As far as production costs go, it can be all over the map. A junior producer's cost per ounce is often significantly higher than its larger counterparts because it lacks economies of scale. Plus, their deposits can tend to lower quality --- in grade, metallurgy, or both.

But where the junior producer excels is in its ability to survive, remain nimble, and move projects forward. It will tend to outperform a major because it has more room to grow. To go from 100 thousand to 200 thousand ounces per year is more achievable than a major going from 5 million to 10. The small company provides more upside, faster --- but naturally has greater risk.

Examples of companies which have succeeded at this game are plentiful. Alamos Gold (NYSE:AGI) comes to mind --- it began producing 6 years ago at around 100 thousand ounces per year. It's now expecting to produce 180 thousand ounces in 2013. A comparison chart vs. ABX:

Chart comparing Alamos Gold to Barrick. Image courtesy of Yahoo Finance.Click to enlarge

Another one, smaller than Alamos, is Argonaut Gold (ARNGF.PK). It began trading three years ago, and was producing about 50 thousand ounces per year. It's now expecting to produce 120 thousand ounces in 2013. A comparison chart vs. ABX:

Chart comparing Argonaut Gold to Barrick. Image courtesy of Yahoo Finance.Click to enlarge

Comparing Argonaut and Alamos to Barrick is only to make a point. Junior producers offer more bang than majors, when selected carefully. Sure they've already risen considerably, but I'd still rather be holding Argonaut or Alamos than Barrick. But then my risk tolerance is not the same as yours.

But neither Argonaut nor Alamos are junior producers anymore, by my definition. They've crossed the 100 thousand ounce threshold. So what companies am I looking at?

Northern Vertex is one (NEE on the TSX Venture or OTCPK:NHVCF in the U.S.). One of the fellows behind it is Jim MacDonald, who co-founded National Gold which later merged with the above-mentioned Alamos, on whose board Jim sat after the merger. Another key player on the team is Dick Whittington, who took Farallon Mining from discovery to commercial production, and then sold the company for more than $400 million to Nyrstar which is one of the world's largest zinc producers. These two men are looking to repeat their former successes, and Northern Vertex is the vehicle.

The company isn't producing yet. But it's expecting to commence pilot plant work (Phase I) this quarter, which is expected to be followed by Phase II commercial production. The people seem to be of high caliber. The project is in a mining-friendly jurisdiction (Arizona). The company has plenty of cash and has been able to raise considerable capital, even when others couldn't.
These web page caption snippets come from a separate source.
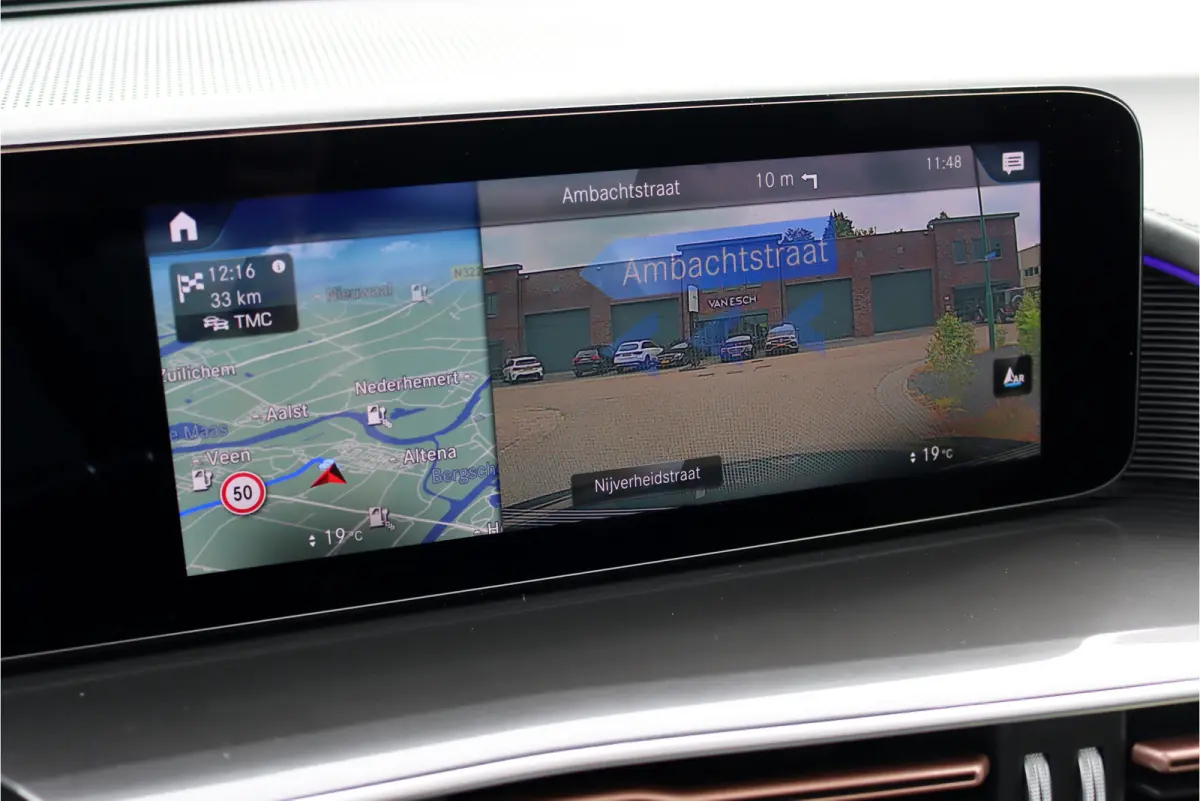 400 4MATIC AMG Line 80 kWh | Distronic+ | Massage | Memory | Burmester | Trekhaak | Schuifdak | Stoelventilatie | Leder | Multibeam LED | Luchtkwaliteitspakket | HUD | Augmented Reality |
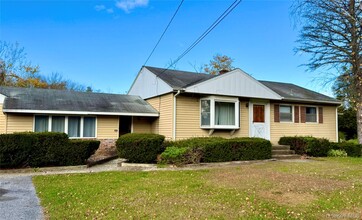 Building Photo - 1063 Violet Ave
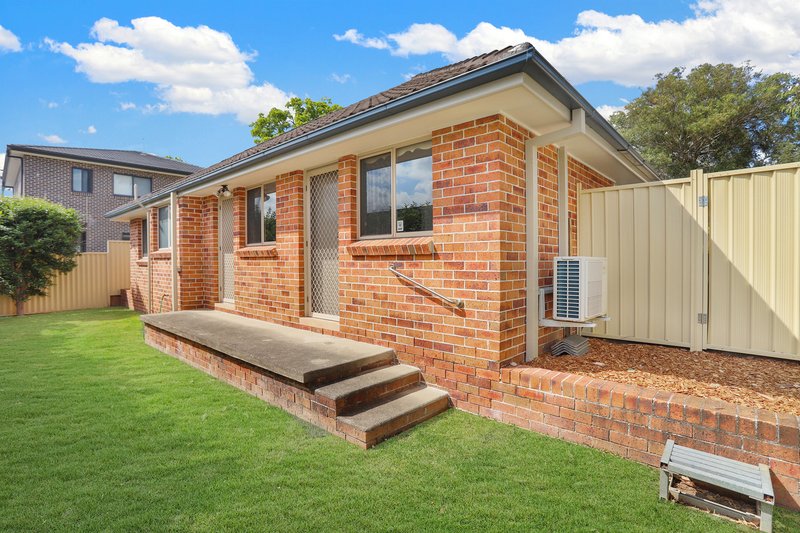 Photo - 2/6A Ballandella Road, Toongabbie NSW 2146 - Image 5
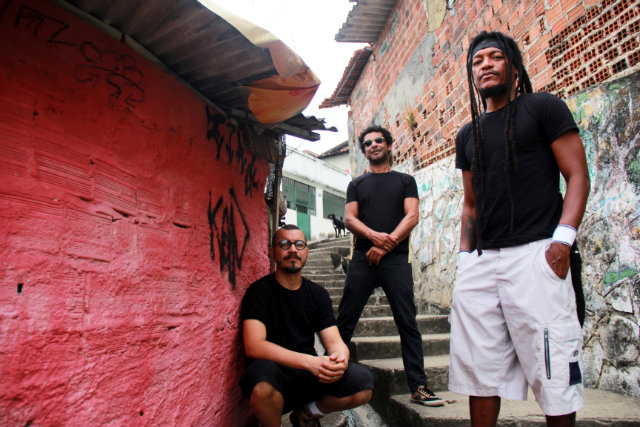 Devotos gravou o primeiro disco h 20 anos e agora revisita o lbum durante o carnaval. Foto: Aline Sales/Divulgao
But there are risks, like with all emerging producers. They'll need plenty more capital. The metallurgy is so-so. The grades aren't high. Permitting could cause delays. But they've just released their Preliminary Economic Assessment, and I think they've done a fine job of it. They're not amateurs. Will they be the next Alamos Gold or Argonaut? That's the speculation.

Yes, I think we're headed into a mania phase for gold stocks, and the smaller players will be the big winners. And while it's true that I'm bullish on the explorers, they carry more risk than the emerging producers --- which if selected properly can really add horsepower to a portfolio. I especially favor the companies whose projects are in the U.S. or Canada, for several reasons which go beyond this post. For investors who have the foresight and tenacity to take positions now while the niche is temporarily weak, I think it's an excellent speculation.

Disclosure: I have no positions in any stocks mentioned, and no plans to initiate any positions within the next 72 hours. I wrote this article myself, and it expresses my own opinions. I am not receiving compensation for it. I have no business relationship with any company whose stock is mentioned in this article.